Weichardt heaps scorn upon other world leaders of the day noting their often, less-than-honorable dealings with Hitler and Germany. He mentions a League of Nations conference held amongst thirty-three countries at Lake Geneva in 1938 and observes with sarcasm how, despite their criticism of Germany’s racial policies, not one of them would alter their laws to facilitate the immigration of Germany’s remaining 300,000 Jewish population.
It is remarkable how many of our most entrenched ideas about pre-WWII Germany Weichardt challenges in his short booklet. He writes of the post WWI British blockade of Germany that led to mass starvation among its populace which was exacerbated by world Jewry’s ‘declaration of war’ upon Germany in 1933.
‘Kristalnacht’ becomes more understandable with the revelation that it was the murder of a German official at their Paris embassy by a young, Jewish assassin that finally lit the fuse that led to that event. Weichardt claims that National Socialist leaders, cognizant of world prejudice against them for their policies towards the Jews, were appalled by the outburst and took immediate steps to quell the violence and protect Jewish businesses.
Weichardt’s discusses the ‘Transfer Agreement’ that facilitated Jewish immigration to Palestine. He reveals the startling information that the Zionists even had their own department within S.S. headquarters. The exchange-starved German Reich paid about 50 million pre-war dollars to assist approximately 50,000 young Jews in moving to Palestine, a cost necessitated by British demands that each of them pay 1,000 pounds sterling in gold for the privilege. As Weichardt observes, “So much for the “planned destruction” of the Jews”.
Under Two Flags shows how little we hear of the German side of that story. Interestingly, Weichardt partially blames the Germans who lived in America for abandoning their homeland. Once away from Germany, they bettered themselves individually but failed to organize politically and were, therefore, unable to defend their countrymen against false accusations.
Even Weichardt took until 1995 to set-pen-to-paper in this unique memoir of a German Jew.
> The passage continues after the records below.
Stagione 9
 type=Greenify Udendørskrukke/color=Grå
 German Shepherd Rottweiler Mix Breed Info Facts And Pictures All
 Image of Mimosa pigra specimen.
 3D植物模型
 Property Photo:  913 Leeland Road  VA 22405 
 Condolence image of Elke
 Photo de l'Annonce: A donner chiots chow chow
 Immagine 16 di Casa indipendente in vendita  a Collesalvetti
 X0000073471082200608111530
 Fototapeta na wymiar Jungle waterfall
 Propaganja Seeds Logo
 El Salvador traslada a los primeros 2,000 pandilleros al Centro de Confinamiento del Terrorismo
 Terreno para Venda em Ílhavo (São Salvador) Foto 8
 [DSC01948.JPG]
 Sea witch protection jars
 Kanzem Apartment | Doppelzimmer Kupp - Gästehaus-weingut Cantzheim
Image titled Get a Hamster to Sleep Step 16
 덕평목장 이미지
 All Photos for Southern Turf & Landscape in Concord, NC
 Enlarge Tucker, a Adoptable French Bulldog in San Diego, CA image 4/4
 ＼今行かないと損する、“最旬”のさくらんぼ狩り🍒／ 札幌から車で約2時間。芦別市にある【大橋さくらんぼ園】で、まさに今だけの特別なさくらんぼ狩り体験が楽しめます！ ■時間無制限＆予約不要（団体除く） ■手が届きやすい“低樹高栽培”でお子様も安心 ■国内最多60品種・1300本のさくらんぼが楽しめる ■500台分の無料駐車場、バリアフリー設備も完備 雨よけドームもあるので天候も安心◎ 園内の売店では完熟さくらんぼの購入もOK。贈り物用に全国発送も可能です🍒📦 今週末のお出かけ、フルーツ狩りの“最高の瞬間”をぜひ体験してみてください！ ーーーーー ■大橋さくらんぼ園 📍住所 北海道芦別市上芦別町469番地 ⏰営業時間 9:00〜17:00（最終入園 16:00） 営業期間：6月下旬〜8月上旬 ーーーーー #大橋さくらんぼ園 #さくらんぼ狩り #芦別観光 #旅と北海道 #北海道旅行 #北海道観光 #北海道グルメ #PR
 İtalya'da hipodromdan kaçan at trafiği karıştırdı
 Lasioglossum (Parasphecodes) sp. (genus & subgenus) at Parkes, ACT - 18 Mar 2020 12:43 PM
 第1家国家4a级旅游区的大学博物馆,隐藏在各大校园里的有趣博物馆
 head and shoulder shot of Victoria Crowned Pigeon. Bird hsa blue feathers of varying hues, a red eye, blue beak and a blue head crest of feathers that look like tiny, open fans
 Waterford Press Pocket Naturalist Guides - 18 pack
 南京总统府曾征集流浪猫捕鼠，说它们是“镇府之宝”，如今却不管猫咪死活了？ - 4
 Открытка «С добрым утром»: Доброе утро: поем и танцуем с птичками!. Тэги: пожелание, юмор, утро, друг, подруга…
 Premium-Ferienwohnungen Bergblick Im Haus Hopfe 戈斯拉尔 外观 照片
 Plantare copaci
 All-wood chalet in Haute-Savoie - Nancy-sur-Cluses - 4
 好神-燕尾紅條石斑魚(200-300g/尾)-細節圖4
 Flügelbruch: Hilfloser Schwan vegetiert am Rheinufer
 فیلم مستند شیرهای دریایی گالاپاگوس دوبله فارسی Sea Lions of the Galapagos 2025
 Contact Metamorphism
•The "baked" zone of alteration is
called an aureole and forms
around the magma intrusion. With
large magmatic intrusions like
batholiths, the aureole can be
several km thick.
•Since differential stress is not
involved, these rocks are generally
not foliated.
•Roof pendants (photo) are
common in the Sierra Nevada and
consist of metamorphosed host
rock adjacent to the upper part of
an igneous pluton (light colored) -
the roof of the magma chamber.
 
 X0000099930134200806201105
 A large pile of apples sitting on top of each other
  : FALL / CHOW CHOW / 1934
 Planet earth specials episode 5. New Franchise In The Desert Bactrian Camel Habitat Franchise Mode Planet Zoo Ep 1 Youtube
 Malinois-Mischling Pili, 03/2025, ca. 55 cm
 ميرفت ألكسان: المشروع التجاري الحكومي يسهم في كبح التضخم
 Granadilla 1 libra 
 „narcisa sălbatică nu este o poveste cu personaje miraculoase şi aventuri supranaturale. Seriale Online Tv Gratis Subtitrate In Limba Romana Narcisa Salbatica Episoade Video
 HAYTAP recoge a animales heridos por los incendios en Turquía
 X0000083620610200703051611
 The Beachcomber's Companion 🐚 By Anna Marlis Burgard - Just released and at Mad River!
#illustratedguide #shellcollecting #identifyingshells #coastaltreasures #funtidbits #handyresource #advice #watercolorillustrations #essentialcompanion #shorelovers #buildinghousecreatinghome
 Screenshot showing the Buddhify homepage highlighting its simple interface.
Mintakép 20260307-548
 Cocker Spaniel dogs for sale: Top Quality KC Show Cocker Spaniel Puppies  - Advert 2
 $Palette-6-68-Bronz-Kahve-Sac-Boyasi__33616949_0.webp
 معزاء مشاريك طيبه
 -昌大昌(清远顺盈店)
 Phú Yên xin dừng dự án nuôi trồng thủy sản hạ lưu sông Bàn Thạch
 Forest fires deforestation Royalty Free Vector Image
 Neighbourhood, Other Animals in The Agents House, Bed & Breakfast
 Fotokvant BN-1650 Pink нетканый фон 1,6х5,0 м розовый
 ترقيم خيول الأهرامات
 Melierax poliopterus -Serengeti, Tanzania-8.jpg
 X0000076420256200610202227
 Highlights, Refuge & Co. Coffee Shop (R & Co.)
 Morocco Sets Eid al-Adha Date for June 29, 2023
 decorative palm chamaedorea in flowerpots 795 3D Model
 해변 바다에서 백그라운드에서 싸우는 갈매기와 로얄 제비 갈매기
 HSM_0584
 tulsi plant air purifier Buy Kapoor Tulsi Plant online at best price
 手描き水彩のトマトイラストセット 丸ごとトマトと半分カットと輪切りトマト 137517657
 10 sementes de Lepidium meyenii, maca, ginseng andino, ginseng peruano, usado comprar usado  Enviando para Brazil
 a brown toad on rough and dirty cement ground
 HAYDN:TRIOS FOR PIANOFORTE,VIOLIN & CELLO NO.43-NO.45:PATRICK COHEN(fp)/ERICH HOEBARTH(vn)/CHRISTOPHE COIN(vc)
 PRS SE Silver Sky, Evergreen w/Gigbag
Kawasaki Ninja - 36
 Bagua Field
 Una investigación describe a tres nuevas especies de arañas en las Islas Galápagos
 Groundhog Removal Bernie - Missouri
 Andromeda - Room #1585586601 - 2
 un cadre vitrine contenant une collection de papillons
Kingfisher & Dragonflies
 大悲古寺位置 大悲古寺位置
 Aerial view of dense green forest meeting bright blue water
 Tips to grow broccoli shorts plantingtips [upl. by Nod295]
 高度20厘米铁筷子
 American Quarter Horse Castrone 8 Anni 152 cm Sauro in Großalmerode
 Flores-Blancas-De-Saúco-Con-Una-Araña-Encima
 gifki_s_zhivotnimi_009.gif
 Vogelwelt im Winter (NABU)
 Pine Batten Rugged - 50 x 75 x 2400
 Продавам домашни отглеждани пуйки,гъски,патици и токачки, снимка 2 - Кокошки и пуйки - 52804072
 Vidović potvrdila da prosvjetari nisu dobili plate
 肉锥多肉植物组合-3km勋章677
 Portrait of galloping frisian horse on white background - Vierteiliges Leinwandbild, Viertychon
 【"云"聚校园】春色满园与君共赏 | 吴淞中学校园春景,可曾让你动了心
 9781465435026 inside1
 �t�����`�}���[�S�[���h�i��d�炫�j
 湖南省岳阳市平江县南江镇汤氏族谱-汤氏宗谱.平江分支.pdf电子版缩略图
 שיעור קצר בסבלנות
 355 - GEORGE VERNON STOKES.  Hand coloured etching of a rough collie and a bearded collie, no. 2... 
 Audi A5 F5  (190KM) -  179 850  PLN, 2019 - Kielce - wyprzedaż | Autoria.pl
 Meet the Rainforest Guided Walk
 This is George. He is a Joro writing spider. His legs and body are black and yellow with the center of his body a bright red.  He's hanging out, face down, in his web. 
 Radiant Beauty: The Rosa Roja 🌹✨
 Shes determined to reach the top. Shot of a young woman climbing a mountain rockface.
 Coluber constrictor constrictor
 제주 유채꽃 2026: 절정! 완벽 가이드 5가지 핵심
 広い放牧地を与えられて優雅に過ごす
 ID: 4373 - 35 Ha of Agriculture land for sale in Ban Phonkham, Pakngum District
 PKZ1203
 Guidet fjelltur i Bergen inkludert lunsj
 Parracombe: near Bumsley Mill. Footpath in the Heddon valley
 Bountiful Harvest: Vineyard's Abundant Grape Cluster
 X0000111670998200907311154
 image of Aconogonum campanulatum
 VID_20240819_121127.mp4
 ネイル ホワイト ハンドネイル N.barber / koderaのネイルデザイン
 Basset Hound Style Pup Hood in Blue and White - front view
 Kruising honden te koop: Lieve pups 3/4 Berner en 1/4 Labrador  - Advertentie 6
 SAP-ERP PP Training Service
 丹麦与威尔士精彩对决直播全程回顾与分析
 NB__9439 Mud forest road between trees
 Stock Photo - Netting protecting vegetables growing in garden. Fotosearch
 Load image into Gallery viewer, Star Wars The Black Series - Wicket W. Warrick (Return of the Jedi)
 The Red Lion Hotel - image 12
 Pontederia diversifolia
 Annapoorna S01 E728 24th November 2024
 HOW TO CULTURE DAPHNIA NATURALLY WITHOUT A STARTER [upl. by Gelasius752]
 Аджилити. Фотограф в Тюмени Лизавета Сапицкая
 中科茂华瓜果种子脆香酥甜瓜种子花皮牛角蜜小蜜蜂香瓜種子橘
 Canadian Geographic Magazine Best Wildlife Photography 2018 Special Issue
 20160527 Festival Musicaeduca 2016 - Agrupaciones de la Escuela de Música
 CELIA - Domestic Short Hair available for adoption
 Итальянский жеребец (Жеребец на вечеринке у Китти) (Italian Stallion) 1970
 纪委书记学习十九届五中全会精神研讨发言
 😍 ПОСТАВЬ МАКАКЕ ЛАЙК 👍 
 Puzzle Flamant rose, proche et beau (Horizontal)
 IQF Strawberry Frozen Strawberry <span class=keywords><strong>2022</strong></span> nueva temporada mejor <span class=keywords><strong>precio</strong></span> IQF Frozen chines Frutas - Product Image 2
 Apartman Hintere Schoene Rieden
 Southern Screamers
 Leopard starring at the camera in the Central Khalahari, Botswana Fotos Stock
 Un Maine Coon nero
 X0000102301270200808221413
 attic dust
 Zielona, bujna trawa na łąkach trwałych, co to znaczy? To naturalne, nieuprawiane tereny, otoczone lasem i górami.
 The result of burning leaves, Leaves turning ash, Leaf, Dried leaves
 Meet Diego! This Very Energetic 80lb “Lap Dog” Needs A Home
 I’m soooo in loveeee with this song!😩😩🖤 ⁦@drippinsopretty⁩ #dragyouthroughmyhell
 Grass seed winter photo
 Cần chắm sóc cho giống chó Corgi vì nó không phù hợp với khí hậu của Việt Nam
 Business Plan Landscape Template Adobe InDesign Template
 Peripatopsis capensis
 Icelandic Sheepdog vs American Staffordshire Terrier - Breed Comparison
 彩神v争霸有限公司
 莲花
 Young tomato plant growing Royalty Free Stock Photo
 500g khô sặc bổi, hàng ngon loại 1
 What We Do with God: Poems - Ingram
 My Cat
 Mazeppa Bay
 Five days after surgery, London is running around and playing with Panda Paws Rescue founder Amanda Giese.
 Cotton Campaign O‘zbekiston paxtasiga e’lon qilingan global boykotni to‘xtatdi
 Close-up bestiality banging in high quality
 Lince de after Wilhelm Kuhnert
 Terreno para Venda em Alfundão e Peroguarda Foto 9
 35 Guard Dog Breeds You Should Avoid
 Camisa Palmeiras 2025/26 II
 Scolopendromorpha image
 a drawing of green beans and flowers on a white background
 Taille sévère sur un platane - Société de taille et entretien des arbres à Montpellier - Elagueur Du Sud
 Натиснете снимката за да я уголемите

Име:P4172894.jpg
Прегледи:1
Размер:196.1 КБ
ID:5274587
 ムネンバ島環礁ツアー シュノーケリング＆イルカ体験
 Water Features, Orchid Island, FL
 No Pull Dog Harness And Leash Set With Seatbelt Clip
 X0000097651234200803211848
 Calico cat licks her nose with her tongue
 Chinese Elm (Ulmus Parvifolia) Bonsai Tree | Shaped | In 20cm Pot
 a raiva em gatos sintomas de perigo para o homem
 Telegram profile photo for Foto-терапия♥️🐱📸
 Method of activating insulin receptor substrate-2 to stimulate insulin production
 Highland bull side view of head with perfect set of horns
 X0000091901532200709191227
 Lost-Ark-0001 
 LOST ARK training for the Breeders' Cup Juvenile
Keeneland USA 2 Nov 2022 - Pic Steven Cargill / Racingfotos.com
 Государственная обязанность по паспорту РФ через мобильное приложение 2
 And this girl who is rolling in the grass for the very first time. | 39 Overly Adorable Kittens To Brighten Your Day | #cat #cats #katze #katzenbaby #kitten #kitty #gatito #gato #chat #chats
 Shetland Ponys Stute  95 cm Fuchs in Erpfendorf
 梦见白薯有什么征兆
He says: “The complete lack of veracity in reporting anything about Germany and the outbreak of the war became obvious to me shortly after I arrived in this country [the USA] and my conviction that a colossal fraud was imposed on the American people by the Jewish-controlled media has been reinforced ever since”.
The more one delves into history we are not supposed to, especially the, mostly Jewish, takeover of Tsarist Russia in 1917, and when one considers the Palestinian situation in present-day Israel, the more the accusations against the Germans begin to sound like a conspicuous case of ‘the pot calling the kettle black’. Weichardt’s booklet is a notable contribution to telling the other side of the story.